Die Etappe heute soll uns den Grenzübertritt in die Niederlande bringen. Doch vorher haben wir noch ein Stück in Deutschland inclusive Rheinüberquerung zu bewältigen.

Der erste Teil läuft richtig gut. Wir haben einen gut ausgebauten und übersichtlichen Radweg vor uns. So können wir in gelockerter Formation fahren, ohne dass die genaue Reihenfolge oder die Gruppenzugehörigkeit eingehalten werden muss. Gerade die schnellen Kinder aus der Klasse genießen diese Teilstücke, um einmal etwas flotter unterwegs zu sein und ihre Grenzen gegenseitig abchecken zu können.

Ein Platten hält uns nur kurz auf. Die Unterbrechung ist kaum zu bemerken.
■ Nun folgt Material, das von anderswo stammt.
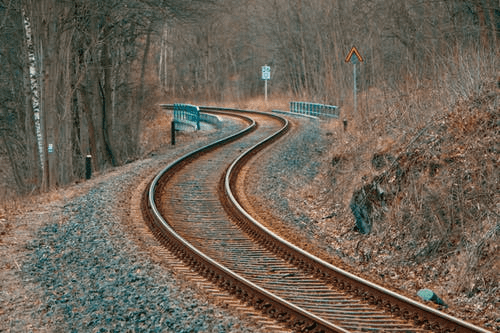 An Empty, Snaking Railway Track Framed bytheWoods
Dann geht es über den Rhein und damit ändert sich die Landschaft auch sofort; sind wir auf der anderen Rheinseite auf dem letzten Stück immer mit einer größeren Entfernung zum Rhein unterwegs gewesen, so fahren wir jetzt fern des Autoverkehrs durch die Wiesen am Rhein bzw. über den Deich.

Ein Storch steht auf der benachbarten Wiese, als wir eine Pause machen.
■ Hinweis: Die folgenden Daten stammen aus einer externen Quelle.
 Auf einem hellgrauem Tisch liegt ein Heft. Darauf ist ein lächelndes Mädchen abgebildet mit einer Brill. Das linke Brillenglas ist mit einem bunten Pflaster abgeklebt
An der Deutsch-Niederländischen Grenze, die wir nur aufgrund der Grenzlinie im Handy ausmachen können, stellen wir uns symbolisch mit einem Fuß in Deutschland und einem Fuß in den Niederlanden auf. Im ersten kleinen Ort auf niederländischer Seite gibt es ein Eis und dann ist die Etappe mit 28,7 km auch schon geschafft. Für einige Teilnehmer zu kurz, für andere gerade richtig. Allen kann man es eh nicht recht machen, dafür ist die Leistungsfähigkeit doch zu unterschiedlich. Diejenigen, die geduldig warten müssen, leiden scheinbar mehr, als diejenigen, die gelegentlich an ihre Grenzen geraten. Oder sie leiden zumindest lauter.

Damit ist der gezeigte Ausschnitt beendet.